SocietyDecember 17, 2017

‘He’s the Al Capone of sexual abuse’: NZ model Zoë Brock on why she is suing Harvey Weinstein

Zoe Brock (screengrab: 60 Minutes/Channel 9 Australia); Harvey Weinstein (photo: Ian Gavan/Getty Images)
Zoe Brock (screengrab: 60 Minutes/Channel 9 Australia); Harvey Weinstein (photo: Ian Gavan/Getty Images)

Zoë Brock is one of six women who have launched legal action against Harvey Weinstein, arguing that the sexual misconduct by the mogul – who has repeatedly denied any illegality – is akin to organised crime. The New Zealander now speaks for the first time since the class-action lawsuit was filed last week: about her predator’s tears in a hotel room, conspiracies to silence victims, and why Pamela Anderson is part of the problem.

The baby has just gone to sleep. Zoë Brock is not getting much of it herself these days. She has fought a long and hard custody battle all year for her 10-month-old daughter and is currently staying with her family in Melbourne; she’s not sure whether to return to New Zealand or her new home, California. If that’s not enough, on Wednesday last week – the day that Time magazine announced the #MeToo ‘silence breakers’ as its Person of the Year – the 43-year-old writer, web designer and model took legal action against Harvey Weinstein, 65, and his cohorts. It is the first non-anonymous class action suit against the Hollywood mogul, as well as a RICO (Racketeer Influenced and Corrupt Organisations) claim against the ‘Weinstein Sexual Enterprise’, including The Weinstein Company and Miramax.

Anke Richter: How scary is it taking on Hollywood’s top players?

Zoë Brock: It’s scary but I’m just so fed up with bullies. I’ve had enough of them, for all our sakes, and especially for my daughter’s sake. So when the law firm called me – I was walking along the water in Auckland – I said I’m in. Add my name. And then, after I made that decision, I felt immediately sick for days. Nauseous and a bit trembly. None of us took the decision lightly. We assume the worst. I am waiting for every boyfriend I ever had, every drug I ever took at Burning Man, every mistake I’ve ever made to be brought up and used against me. I joke that my custody battle was my training wheels for Harvey. I’m ready.

The claim puts Weinstein and his cronies on par with the mafia.

Salma Hayek’s shocking story that just came out in the New York Times is proof that his sadism and hatred of women surpasses his love of movies and creativity. We don’t know if he got into the film business because he wanted to garner as much power as possible to use in his sadistic vendetta against women.

How did he do it?

He structured his business and daily life to help him find his prey. He even started a fashion TV show to get close to models. Hundreds of people over decades took home a wage for helping Weinstein get his weird rocks off, and kept it secret. Assistants. Lawyers. CEOs. If that isn’t organised and criminal, I don’t know what is. Harvey Weinstein is the Al Capone of sexual abuse and assault.

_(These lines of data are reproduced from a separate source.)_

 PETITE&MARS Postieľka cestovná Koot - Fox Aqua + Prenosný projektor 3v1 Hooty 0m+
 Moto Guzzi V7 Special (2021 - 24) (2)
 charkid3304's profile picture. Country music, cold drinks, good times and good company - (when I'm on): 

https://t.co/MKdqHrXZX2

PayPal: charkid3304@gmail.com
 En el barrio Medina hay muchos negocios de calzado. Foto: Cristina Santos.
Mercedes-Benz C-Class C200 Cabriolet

…who even hired ex-Mossad agents to intimidate victims.

I wasn’t anxious in the beginning, because I was just one of hundreds. Harvey would not remember me. But we are dealing with someone who is unscrupulous. We all have families and people we care about and are going up against billions and billions of wealth. So anything is possible. I hate conspiracy theories – and now I feel I am living in one.

In what way?

We ‘Harvey’s girls’ don’t know if the person who just befriended us on Twitter or sent us an email asking for help is telling the truth. I was contacted by a German actress a few weeks ago – and I believe there are more victims in Germany – but she doesn’t want to go public because her family doesn’t know. Too much shame. On Twitter the other day, a woman said that Harvey raped her in the 80s in Italy and then asked if his brother wanted a go. But she didn’t even have a profile online. I don’t like being suspicious, but it’s easy to get paranoid. If the court dismisses our case after all the evidence that has already been uncovered, you know something crazy is up.

You are not a wealthy celebrity, so it’s easy to accuse you of being in it for the financial gain.

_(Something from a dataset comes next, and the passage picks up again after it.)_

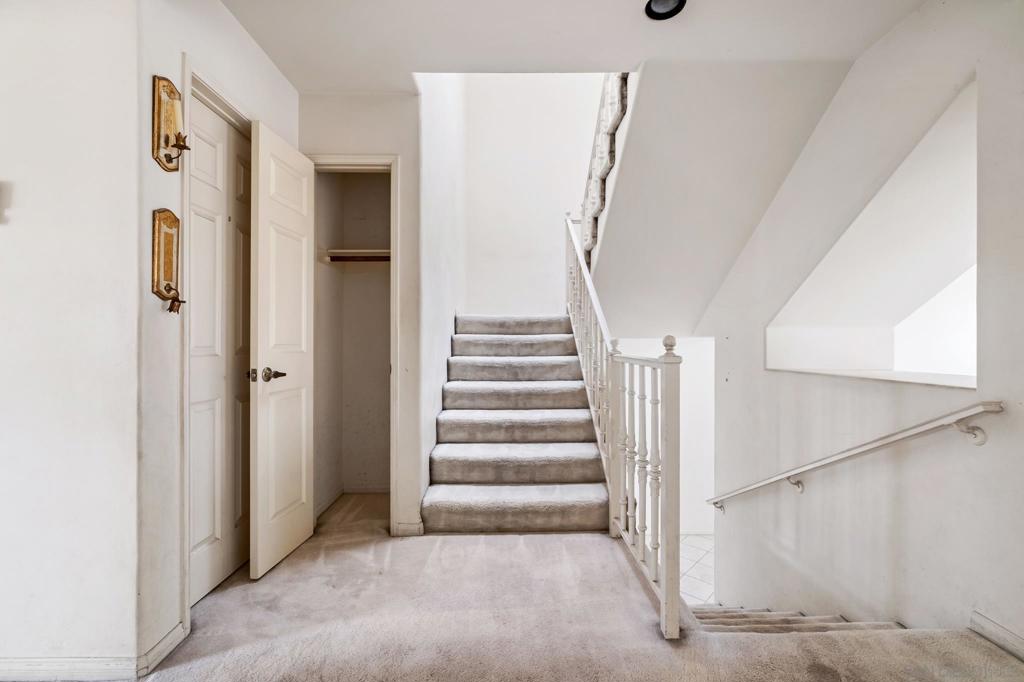 MLS #250044118SD image #19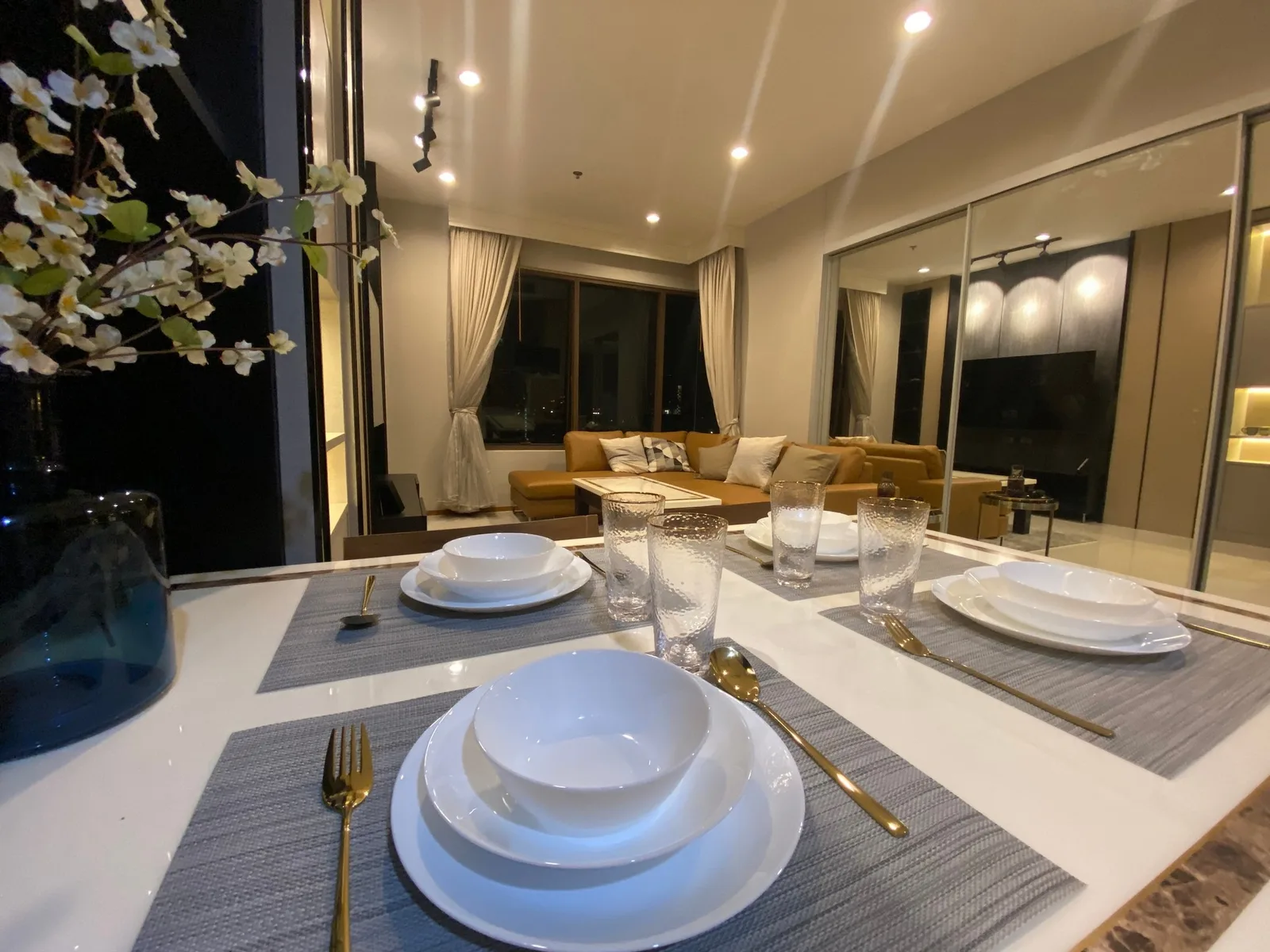 The Emporio Place — photo 2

None of us are. We’ve all had enough and want change. NBC covered up Matt Lauer, the White House covers up Donald Trump. It’s enough. If industries don’t care about victims, they sure care enough about their wallets. It has to become a fiscal risk for them to look after their golden geese when the geese go bad. Because that’s what these guys are, golden geese with enough revenue to sweep women under the table.

The list of women who are accusing Weinstein is growing – 91 so far. What do you all have in common?

We’re all smart, creative, sassy, brave women of all ages. The one good thing I can say about him: at least he had decent taste! But there are so many more women who have not spoken up. I know a dozen. Another reason for this lawsuit is to say, ‘please come forward’ – because we don’t want another Cosby, or Clinton, or Trump.

How awful is it seeing an abuser out there, free?

It’s horrifying – or even see him become president of the goddamn United States of America. For 20 years I watched my abuser win Oscars every year. This is the first year I won’t have to watch the fat prick who shoved his hairy balls in my face make an acceptance speech. Can’t wait.

Brock was 23 years old when she was “Harveyed”. Her modelling agent invited her to a dinner at the Cannes Film Festival where she was seated next to the Miramax boss, not knowing what a titan he was. It turned out they had a friend in common, director Jane Campion. It all felt safe and platonic. Their crew moved on to various parties afterwards. On the way home, Brock was separated from her friends by Weinstein’s assistant Rick Schwartz and a man accused of being Weinstein’s ‘fixer’, Fabrizio Lombardo. She ended up in a suite at the remote Du Cap hotel, assuming there was going to be a party and the others were following. Schwartz and Lombardo left the room with an excuse. Weinstein re-emerged in the room naked and asked her for a massage, then put his hands on her shoulders and tried to give her a massage. Brock was terrified. It was after 1am and she had no cash or a cell phone to get a taxi. She ran into the bathroom while the naked Weinstein chased her and banged on the door. What saved her was that she started scolding him. He promised to leave her alone. When she came out of the bathroom, he was sitting on his bed, crying and whimpering: “You don’t like me because I’m fat.”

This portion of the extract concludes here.